→ **SUPPLIED DATA**
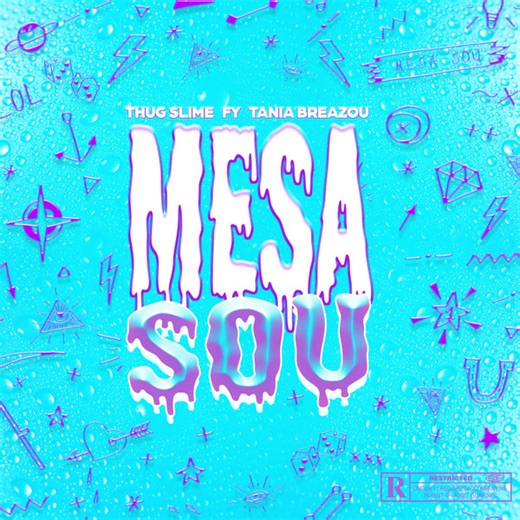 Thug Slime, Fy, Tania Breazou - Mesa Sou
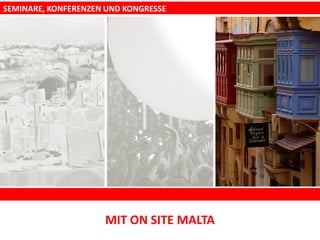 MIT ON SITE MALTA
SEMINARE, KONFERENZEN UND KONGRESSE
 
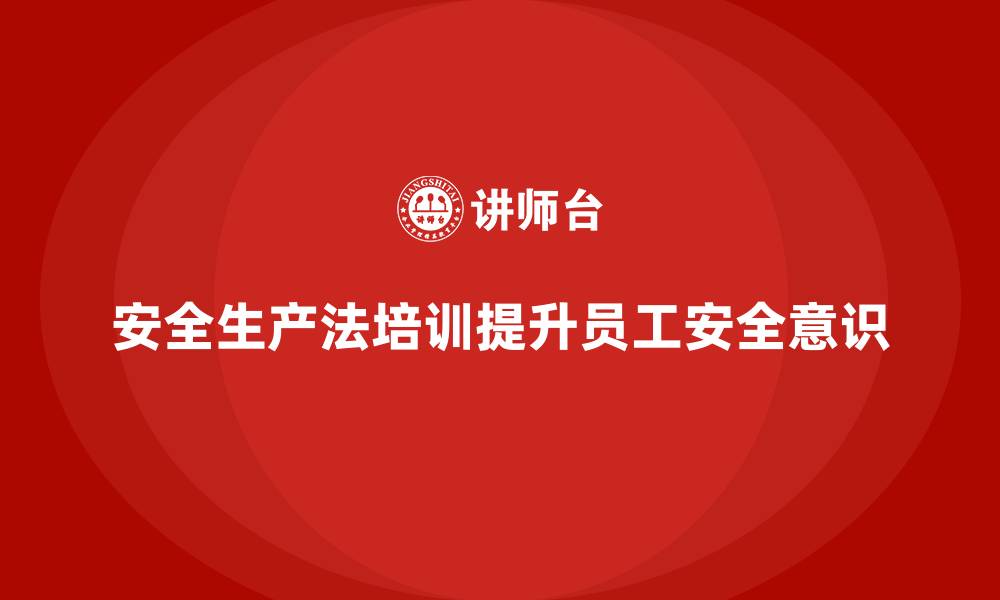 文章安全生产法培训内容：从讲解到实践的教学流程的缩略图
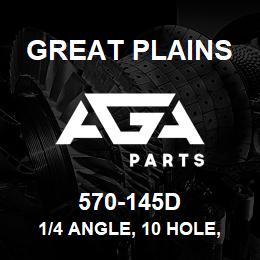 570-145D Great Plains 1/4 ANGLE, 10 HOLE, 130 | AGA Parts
...
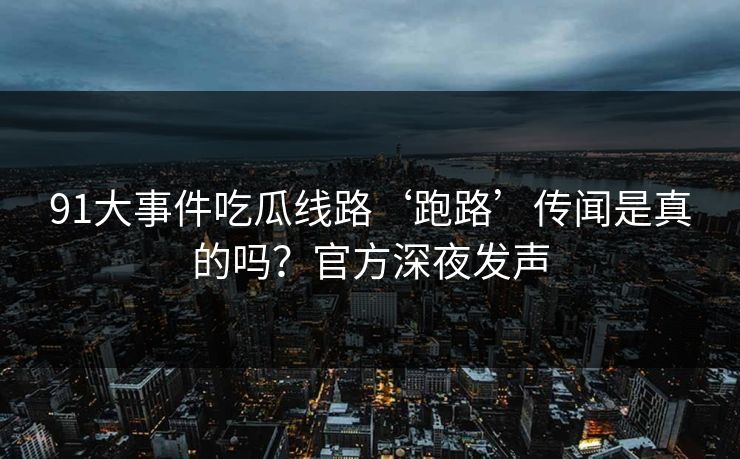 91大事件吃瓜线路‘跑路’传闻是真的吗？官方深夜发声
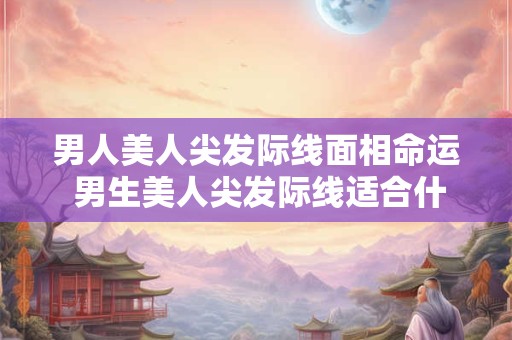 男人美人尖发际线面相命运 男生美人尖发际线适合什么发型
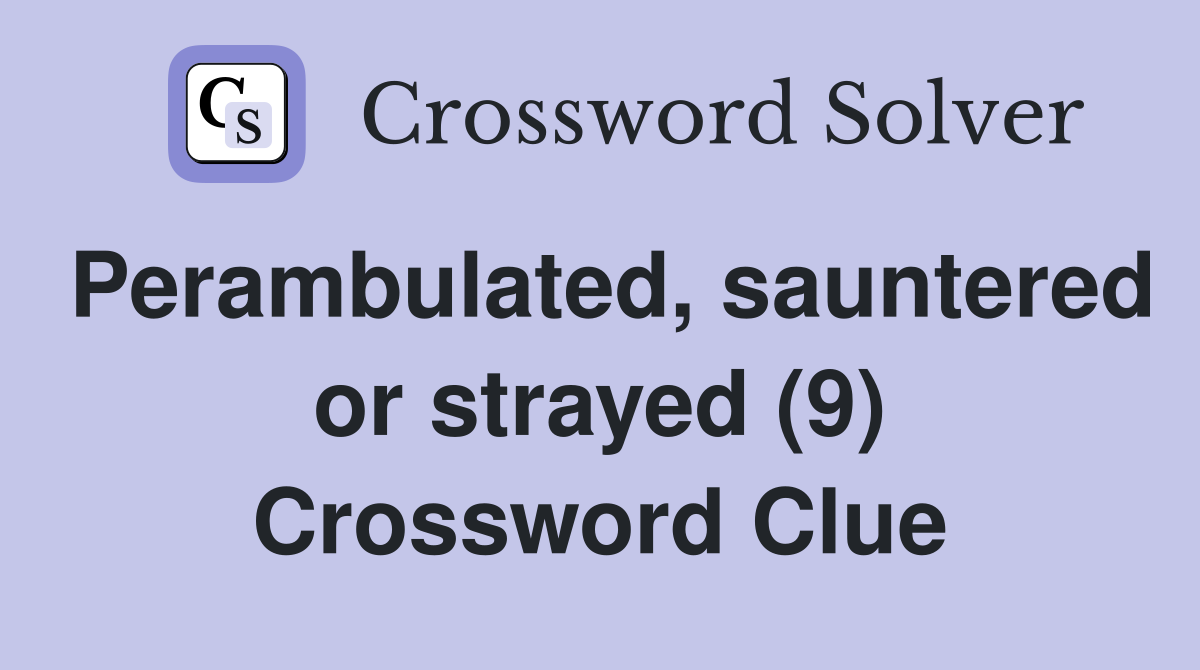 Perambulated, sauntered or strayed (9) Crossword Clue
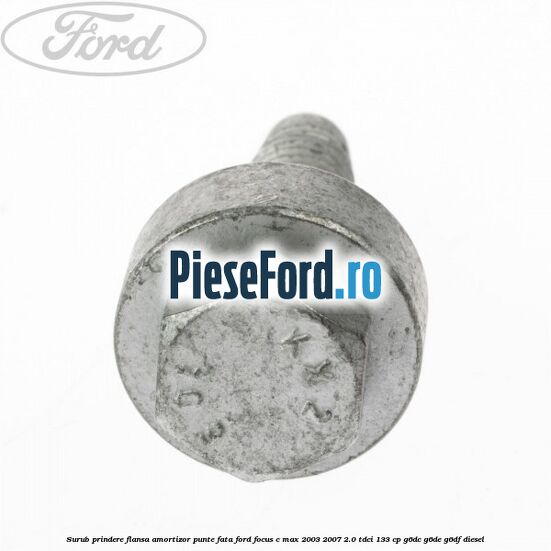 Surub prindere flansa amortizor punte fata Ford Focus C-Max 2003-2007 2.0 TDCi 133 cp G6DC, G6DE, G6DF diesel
* * *
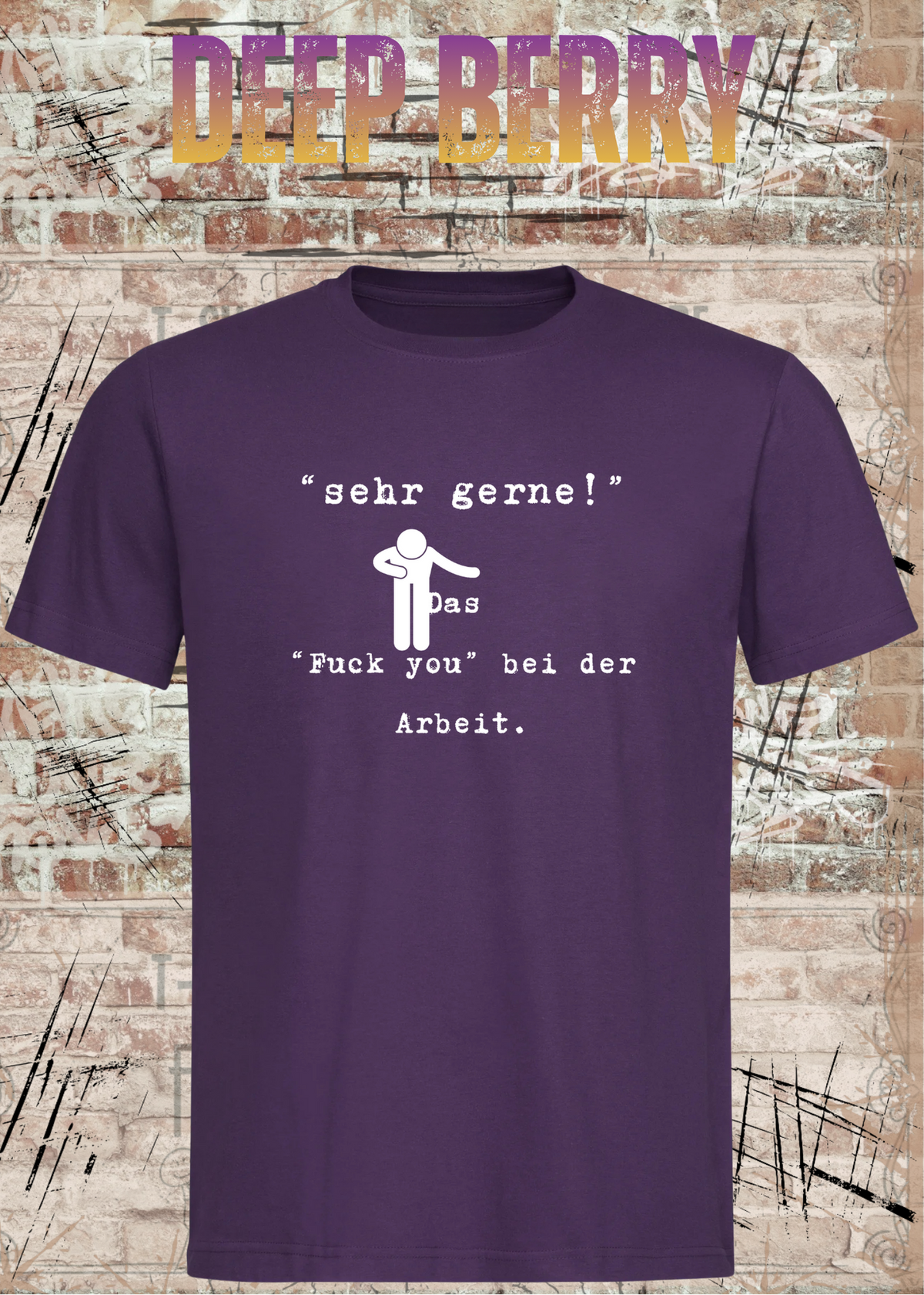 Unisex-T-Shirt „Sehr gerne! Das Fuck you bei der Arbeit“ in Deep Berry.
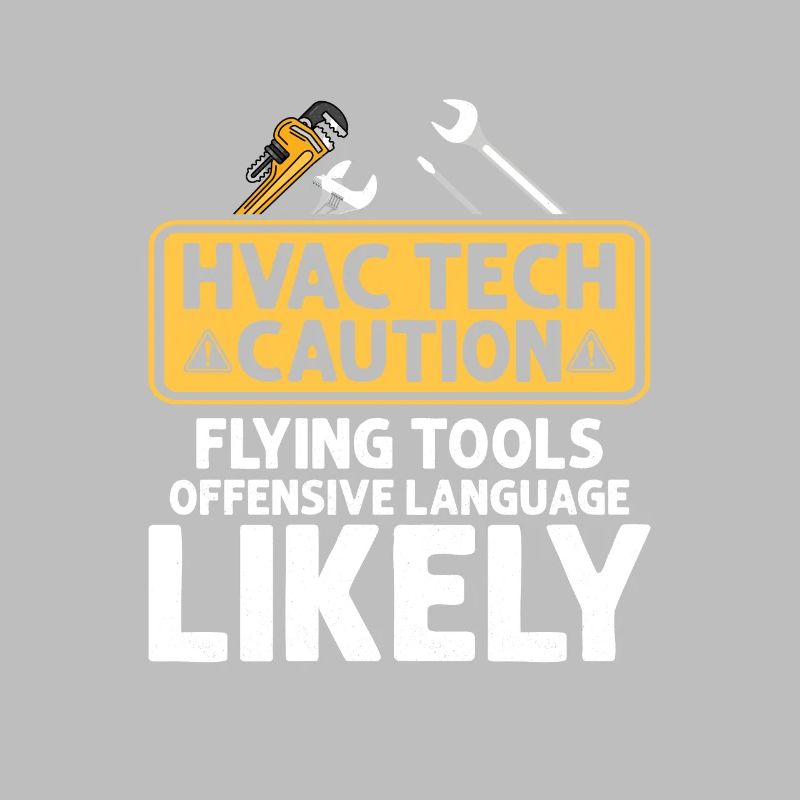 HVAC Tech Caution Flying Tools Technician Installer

→ **TASK REQUIREMENTS**
Every line above between the one containing "Thug Slime, Fy, Tania Breazou - Mesa Sou" and the one containing "570-145D Great Plains", those two included, is to be printed exactly. No pictures go into the copy.

→ **EXERCISE RESULT**
 Thug Slime, Fy, Tania Breazou - Mesa Sou
 MIT ON SITE MALTA
SEMINARE, KONFERENZEN UND KONGRESSE
 
 文章安全生产法培训内容：从讲解到实践的教学流程的缩略图
 570-145D Great Plains 1/4 ANGLE, 10 HOLE, 130 | AGA Parts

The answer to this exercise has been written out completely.